Since that June day in 2020, I have read and listened voraciously, trying to learn what my education failed to teach me. I have been a student of Anthony Ray Hinton, Jr., Esau McCaulley, Wes Moore, Ian Manuel, Austin Channing Brown, Brandon P. Fleming, Howard Thurman, Nikole-Hannah Jones, Danté Stewart, Ibram X. Kendi, Cole Arthur Riley, and Derrick Bell. My bookshelves overflow with the stories and perspectives that will teach me next. Everything I read or hear simultaneously helps me understand more and highlights the fact that I can never truly understand. It exposes not only my ignorance but also my illusions of innocence. As long as the problem of racial injustice exists, we are all part of the problem. Every story I hear has expanded both my understanding of the “faces at the bottom of the well” and my desire to join their ascent, however hopeless it sometimes feels.
The idea that a course in African American Studies “significantly lacks educational value” is ludicrous. It would be valuable for every American citizen to take that course—and a course on every other marginalized people group in our country for that matter.
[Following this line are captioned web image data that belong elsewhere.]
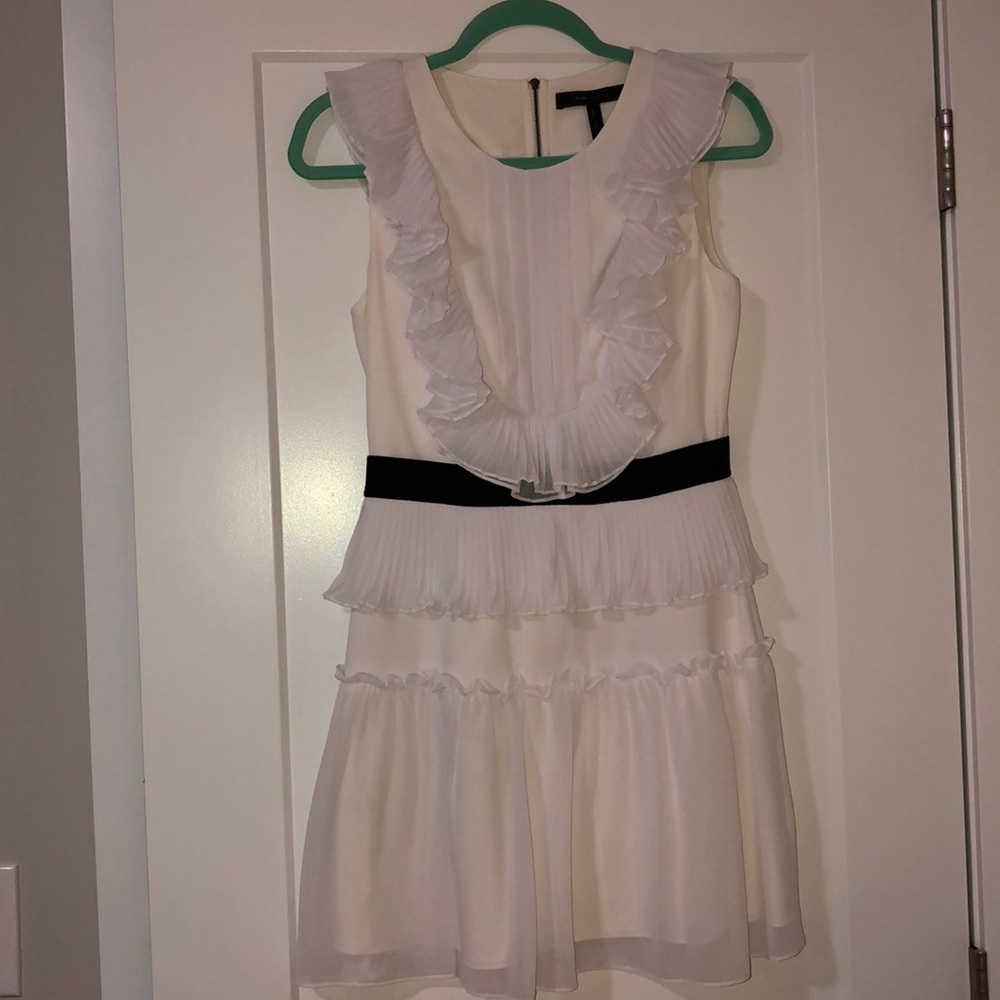 Bcbgmaxazria white dress size 4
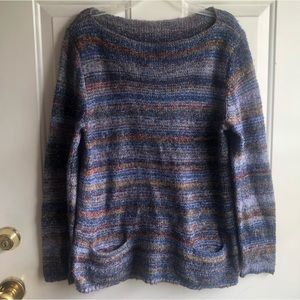 Cozy women’s striped sweater with front pockets size L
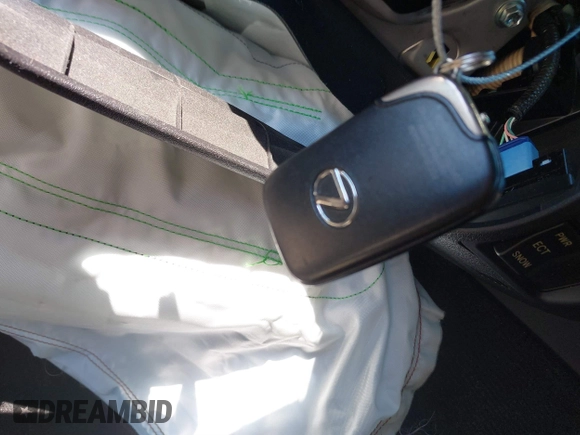 2012 Lexus IS 250 with VIN JTHBF5C26C5173223, listed as a IAAI auction lot 40499040 with 102,981 mi miles and . Bid and sale history available at DreamBid. Image 11.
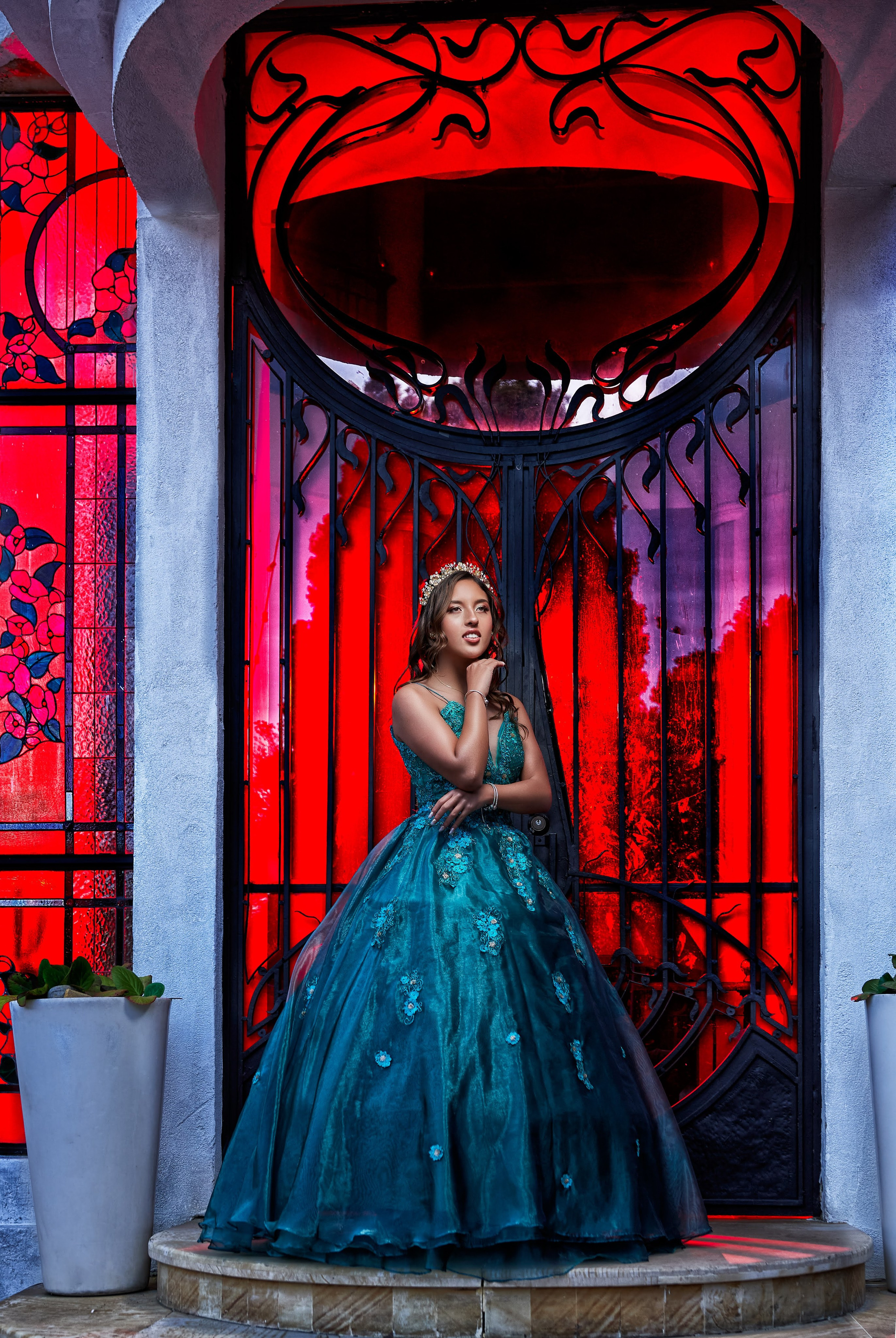 Mis 15 | Sesiones de Fotografía Modernas. Wedding Photography & Videography by ZZ Hendrick | Capturing Your Love Story in Colombia & USA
We all need MORE understanding, not less. The word educate is derived from the Latin root educat (led out). To educate is to lead someone out of ignorance, not by deciding what they should know or believe but by equipping them to be critical thinkers who are capable of reading multiple perspectives, discerning their own understanding and beliefs, and then adding their voice to the conversation—the conversation of a diverse nation united by its mutual respect for the people that comprise it. The thought of any individual seeking to hinder another individual’s access to specific perspectives and stories defies the very purpose of education. It is an act rooted in ignorance and fear. It is the epitome of the very divisiveness it seeks to eradicate.